The Dumbo’s twin engines began to overheat, but Dunlop pressed on. He turned the plane uphill for one more run. As he gained speed, the right engine burst into flames. A line broke and shot black oil onto the wings and fuselage. Dunlop shut down both engines, and crew members jumped out to extinguish the fire. The vacuum pumps were damaged, the fuel pressure gauge line was burned, the cowling on the damaged engine was melted, the engine had lost oil, the exhaust rings were burned out, and the entire works were black with soot. The engine wasn’t quite dead, but any hope of flying that day was gone. Dunlop taxied back to the Imperial Hotel.

Monteverde, Best, and Spina couldn’t believe their bad luck. They seemed doomed to remain on the glacier.

But Balchen and Dunlop weren’t done. The crew began emergency repairs, holding together the damaged, twelve-hundred-horsepower engine with steel straps from equipment cases. Pappy Turner dropped them fresh oil and a replacement oil line, but installing it would mean the time-consuming task of taking apart the engine. The repair crew held off, waiting for a decision from Balchen on whether to make the repairs quick and dirty, or take several days to install the new oil line. His decision depended in part on when he thought the winds would return. They had no way to anchor the Dumbo, so a powerful storm might toss the plane like a dry leaf.

Everyone left the plane and holed up in the overgrown snow cave, discussing their options and dining on a meal prepared by Balchen himself. Balchen thought aloud about the challenges ahead. The second PBY was damaged and unavailable, so they had neither a backup plane nor a backup plan. Getting the three PN9E survivors off the ice soon meant relying on the Dumbo parked outside the Imperial Hotel.

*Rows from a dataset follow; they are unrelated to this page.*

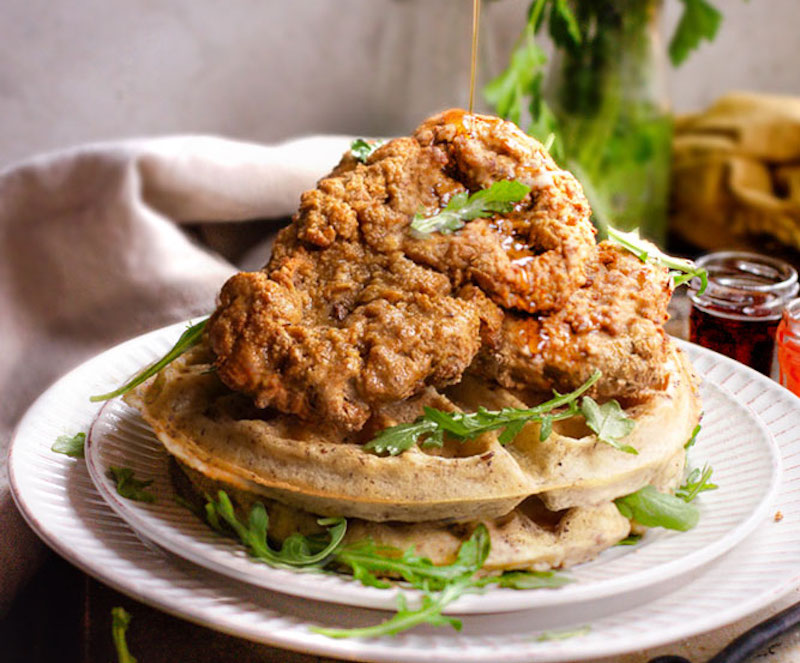 VegNew.ChickenWaffles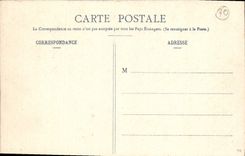 VINTAGE POSTCARD Luxeuil the Baths Street Of the Baths (nice shot)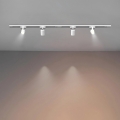 Brilagi - Bodové svítidlo v lištovém systému HUSKY 4xGU10/10W/230V bílá
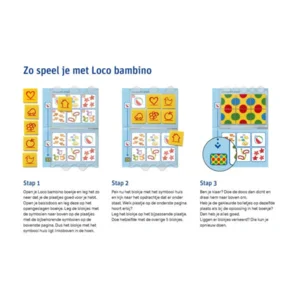Loco Bambino - Boekje - Woezel en Pip - Spelen met 123 - 3-5 Jaar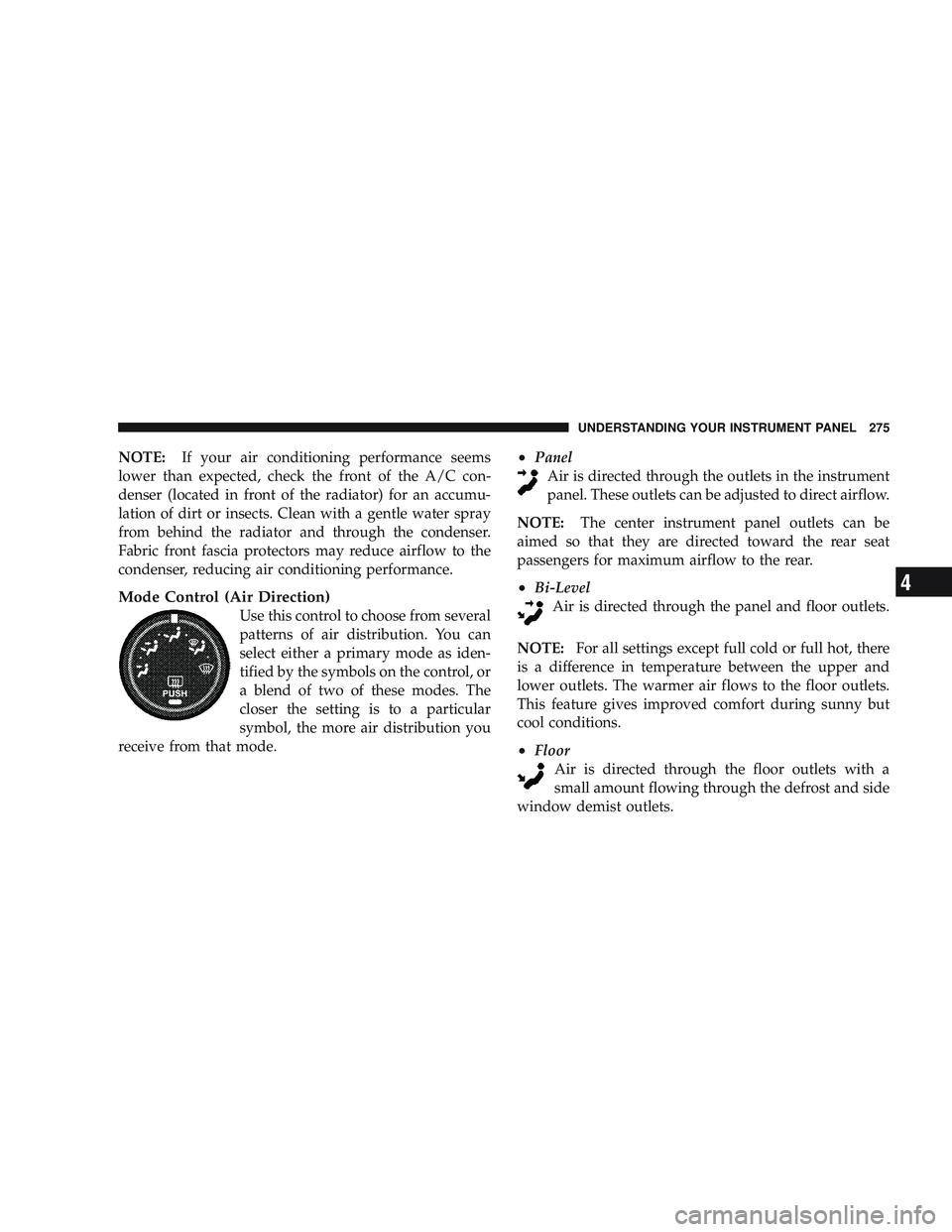 JEEP LIBERTY 2009  Owners Manual 4 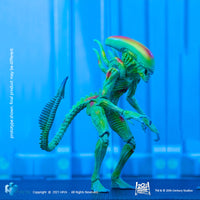 HIYA Exquisite Mini Series 1/18 Scale 5 Inch AVP Thermal Vision Alien Warrior Action Figure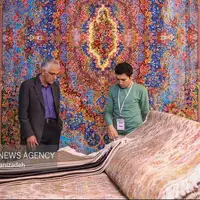 فعالیت ۳۰ هزار بافنده فرش دستباف در قم 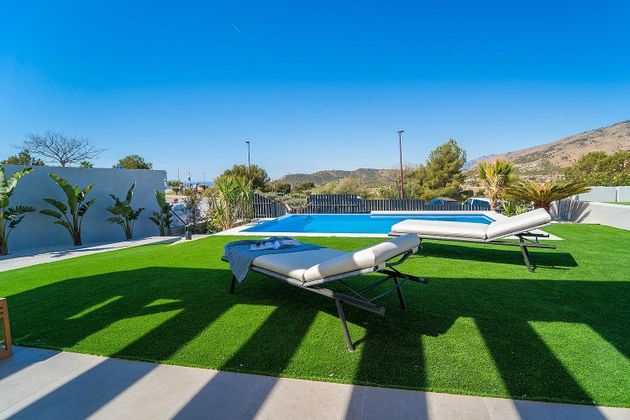 Foto 2 de Pis en venda a Finestrat pueblo de 2 habitacions amb terrassa i piscina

Balchen worried that installing the new oil line would take too long and endanger the mission. The plane would be exposed to windstorms without being tied down. Or, it might freeze to the ice so solidly that no amount of rocking would free it. Balchen believed that they had one last chance to get airborne without the new oil line. To do so, Barney Dunlop could use both engines for takeoff, and then rely on the undamaged engine for the return flight to Bluie East Two. Balchen calculated that just enough fuel remained if they lightened the load. Having made his decision, Balchen announced that he, Strong, Healey, and Dolleman would remain behind, along with their dogs, camping equipment, supplies, and sled.

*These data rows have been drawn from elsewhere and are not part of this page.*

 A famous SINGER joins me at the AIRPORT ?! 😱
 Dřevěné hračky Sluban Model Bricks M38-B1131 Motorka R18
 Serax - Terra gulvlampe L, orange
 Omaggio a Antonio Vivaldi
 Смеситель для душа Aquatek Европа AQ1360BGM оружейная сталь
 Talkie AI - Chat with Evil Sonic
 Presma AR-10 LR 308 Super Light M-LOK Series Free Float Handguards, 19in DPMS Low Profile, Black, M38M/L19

The plan was pure Balchen. Taking off from the ice cap was, by itself, a dangerous maneuver in the best conditions, accomplished only four times previously, twice by Pritchard in the Duck and twice by Dunlop in the Dumbo. Now, ignoring the possibility of an explosion or a crash, Balchen wanted Dunlop to take off with a half-blown engine, and then fly the survivors back to the base with barely enough fuel to get there. Meanwhile, Balchen and the trail team would trek to the coast, with little hope of rescue if disaster struck.

The three PN9E survivors were skeptical, but they trusted Balchen. And after five months on the ice, they were ready to try almost anything.

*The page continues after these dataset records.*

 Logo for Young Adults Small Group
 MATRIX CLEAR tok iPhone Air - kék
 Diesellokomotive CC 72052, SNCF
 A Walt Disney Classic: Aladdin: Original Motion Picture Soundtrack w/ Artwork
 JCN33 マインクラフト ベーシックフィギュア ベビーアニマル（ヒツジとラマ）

After dinner, Balchen and Dunlop spent the night in the cave with the six regular guests of the Imperial Hotel, while the rest of the crew returned to the plane. Monteverde, Best, and Spina went to sleep praying for good luck and good weather.

 

T
HE SURVIVORS

PRAYERS
were answered almost too well. The day was clear and the air dead calm the morning of April 6, 1943. Balchen wanted at least some headwind to lift the Dumbo, so they ate breakfast and waited. They also waited for Pappy Turner’s B-17 to arrive overhead, so he could follow the Dumbo back to the base. With Turner tracking the plane, rescuers would know where to look if its engines failed.